**Action item:**
Exact reproduction, images excluded: write out the records below.

*** Opening Records to use ***

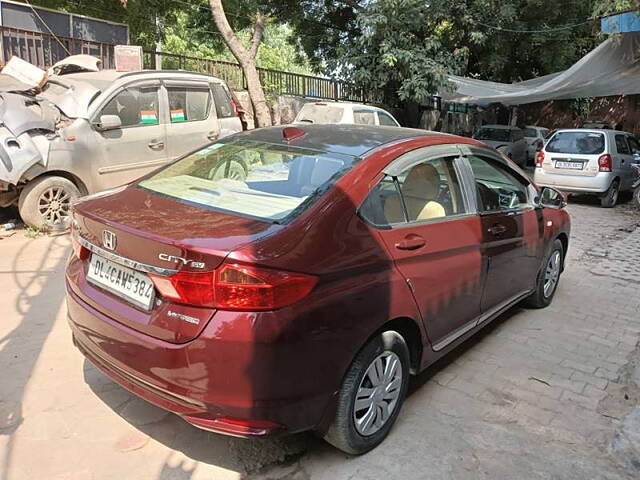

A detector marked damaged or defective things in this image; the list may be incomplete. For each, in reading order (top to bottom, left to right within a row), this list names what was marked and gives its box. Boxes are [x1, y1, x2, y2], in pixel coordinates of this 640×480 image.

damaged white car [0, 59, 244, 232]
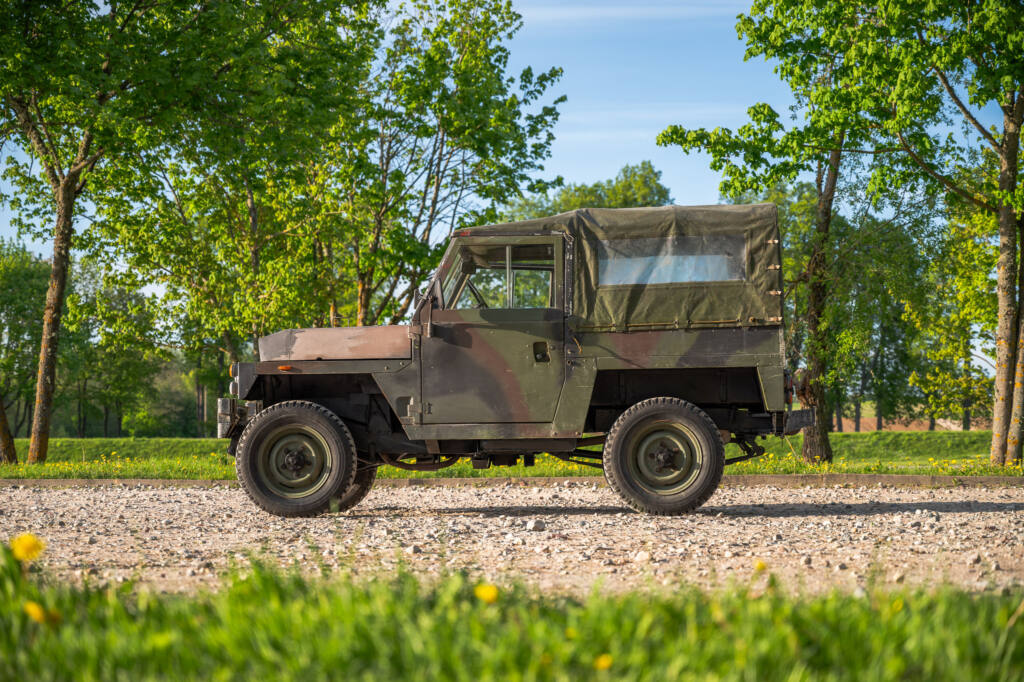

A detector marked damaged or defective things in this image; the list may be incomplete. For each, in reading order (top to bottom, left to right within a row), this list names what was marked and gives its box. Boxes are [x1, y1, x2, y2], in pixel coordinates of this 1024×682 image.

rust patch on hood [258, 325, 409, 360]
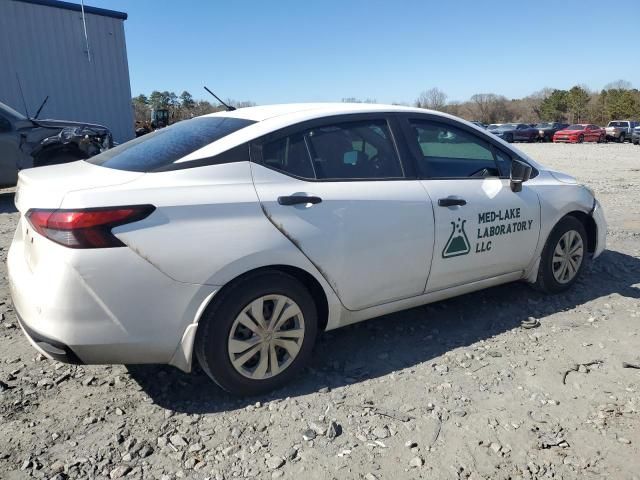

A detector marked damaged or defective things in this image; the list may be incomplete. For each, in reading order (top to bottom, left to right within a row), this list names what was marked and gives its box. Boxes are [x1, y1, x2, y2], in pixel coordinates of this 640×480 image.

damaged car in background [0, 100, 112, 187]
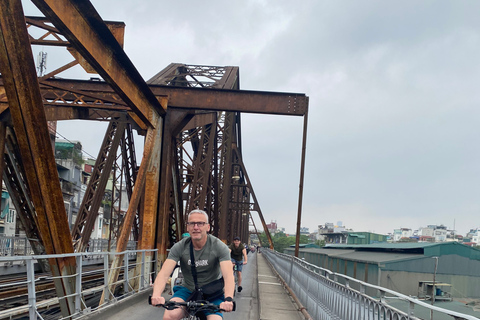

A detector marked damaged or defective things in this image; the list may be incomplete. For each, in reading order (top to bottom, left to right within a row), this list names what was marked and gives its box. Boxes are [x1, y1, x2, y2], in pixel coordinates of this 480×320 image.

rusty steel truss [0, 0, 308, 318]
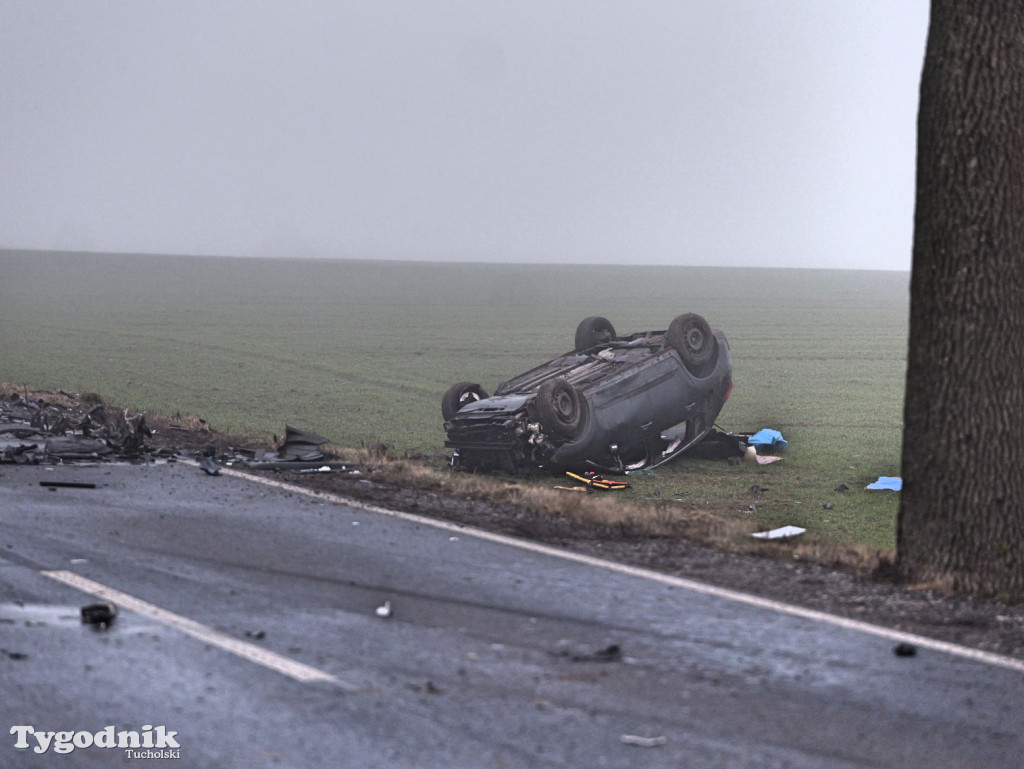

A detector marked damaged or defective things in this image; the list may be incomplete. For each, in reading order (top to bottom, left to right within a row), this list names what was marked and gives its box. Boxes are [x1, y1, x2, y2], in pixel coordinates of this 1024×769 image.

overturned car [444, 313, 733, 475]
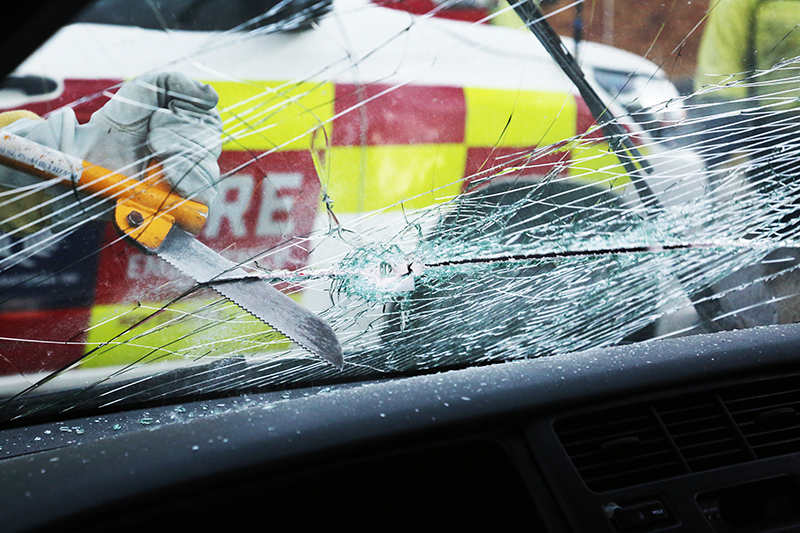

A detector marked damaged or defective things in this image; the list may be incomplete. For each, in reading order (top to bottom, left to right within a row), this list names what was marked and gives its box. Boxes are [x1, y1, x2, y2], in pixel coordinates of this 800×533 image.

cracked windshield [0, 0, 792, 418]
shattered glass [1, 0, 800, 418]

*** Closing Records to use ***

**Response area:**
A detector marked damaged or defective things in this image; the list may be incomplete. For each, in reading order (top to bottom, left to right within a row), this list names what was marked and gives its box. Boxes are [x1, y1, x2, y2], in pixel coordinates of this 640×480 image.

damaged white car [0, 59, 244, 232]

A detector marked damaged or defective things in this image; the list may be incomplete. For each, in reading order (top to bottom, left to right within a row), this list names what was marked and gives its box. Boxes are [x1, y1, x2, y2], in pixel coordinates of this 1024×682 image.

rust patch on hood [258, 325, 409, 360]

A detector marked damaged or defective things in this image; the list may be incomplete. For each, in reading order (top to bottom, left to right within a row), this list names what was marked and gives its box. Boxes are [x1, y1, x2, y2], in pixel coordinates of this 640×480 image.

damaged car in background [0, 100, 112, 187]

A detector marked damaged or defective things in this image; the list may be incomplete. For each, in reading order (top to bottom, left to right within a row), this list names what was marked and gives its box. Boxes are [x1, y1, x2, y2], in pixel coordinates of this 480×320 image.

rusty steel truss [0, 0, 308, 318]

A detector marked damaged or defective things in this image; the list may be incomplete. For each, in reading order (top to bottom, left to right within a row), this list names what was marked and gives its box. Boxes are [x1, y1, x2, y2], in pixel coordinates of this 1024×769 image.

overturned car [444, 313, 733, 475]

A detector marked damaged or defective things in this image; the list may be incomplete. For each, in reading order (top to bottom, left to right within a row), this list names what was marked and gives its box. Boxes are [x1, y1, x2, y2], in pixel coordinates of this 800×533 image.

cracked windshield [0, 0, 792, 418]
shattered glass [1, 0, 800, 418]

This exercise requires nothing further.